Newsroom managers today face a difficult training challenge with the internet. None of their organizations can exist any longer as solely video, print or audio. In essence, they have to retrain their entire staffs to meet the new needs.
The personnel issues are complex. Staff who have worked in one medium exclusively may lack the talent or the desire to learn another medium. Budgets may prevent hiring new people. Training courses may be scarce or unavailable. Cynicism of staff because of layoffs, especially in print media, could be a barrier. Union rules may prohibit an editor from requiring a reporter, say, to use a digital camera or video recorder on assignments.
There are even some daily newspaper publishers, such as Walter E. Hussman Jr., who consider the concept of free news to be anathema.

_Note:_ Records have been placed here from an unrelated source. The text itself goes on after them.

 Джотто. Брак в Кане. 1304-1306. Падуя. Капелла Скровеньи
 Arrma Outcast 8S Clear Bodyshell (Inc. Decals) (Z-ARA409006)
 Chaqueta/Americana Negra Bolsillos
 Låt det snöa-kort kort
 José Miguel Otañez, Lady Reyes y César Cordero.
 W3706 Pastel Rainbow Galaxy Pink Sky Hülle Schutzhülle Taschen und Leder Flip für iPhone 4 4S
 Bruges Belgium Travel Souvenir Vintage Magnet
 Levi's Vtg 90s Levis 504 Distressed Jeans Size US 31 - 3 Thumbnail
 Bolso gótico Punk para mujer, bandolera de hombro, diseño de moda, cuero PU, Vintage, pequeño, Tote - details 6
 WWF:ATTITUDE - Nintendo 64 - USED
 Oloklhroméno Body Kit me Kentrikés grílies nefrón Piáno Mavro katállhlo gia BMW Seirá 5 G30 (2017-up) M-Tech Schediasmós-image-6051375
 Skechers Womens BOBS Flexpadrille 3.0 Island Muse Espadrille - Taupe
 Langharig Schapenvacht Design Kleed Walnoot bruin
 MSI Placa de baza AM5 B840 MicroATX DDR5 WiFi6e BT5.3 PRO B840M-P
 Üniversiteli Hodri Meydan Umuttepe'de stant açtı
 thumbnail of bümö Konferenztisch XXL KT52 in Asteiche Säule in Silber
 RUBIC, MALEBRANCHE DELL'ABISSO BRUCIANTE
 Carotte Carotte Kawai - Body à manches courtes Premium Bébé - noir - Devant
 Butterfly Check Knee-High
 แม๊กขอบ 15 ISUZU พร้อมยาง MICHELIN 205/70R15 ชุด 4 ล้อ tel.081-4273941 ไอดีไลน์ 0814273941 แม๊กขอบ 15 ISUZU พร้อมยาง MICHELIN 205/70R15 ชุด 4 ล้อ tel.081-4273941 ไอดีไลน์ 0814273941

But as Roy Greenslade reports in a recent article in the Guardian, many journalists appear to be grasping the opportunity as a new and richer way to tell their stories.
News organizations have been transforming themselves for years, and as their needs have changed, they have been demanding new skills from new hires. In the U.S., journalism schools have started to talk about convergence of the media and integrate it into their courses. Journalism schools are having to reorganize themselves to respond.
Universities respond
At Arizona State University's Cronkite School of Journalism, Assistant Professor Carol Schwalbe has developed a digital media course that integrates blogging, video, audio, slide shows and other elements to give students experience in all the elements that can make online journalism come alive.
Arizona State is also going to host the Knight Center for Digital Media, a project aimed at development of innovative digital media products that can "build and bind communities."
The University of Maryland's Philip Merrill School of Journalism offers online journalism training modules in which students produce multimedia reports for the college's news website.
The University of California at Berkeley hosts the Knight Digital Media Center, which offers tutorials on subjects such as producing web video that can aid professionals.
University of Washington Professor Kathy Gill writes that blogs help engage people in public affairs and allow for a rapid media response to crises.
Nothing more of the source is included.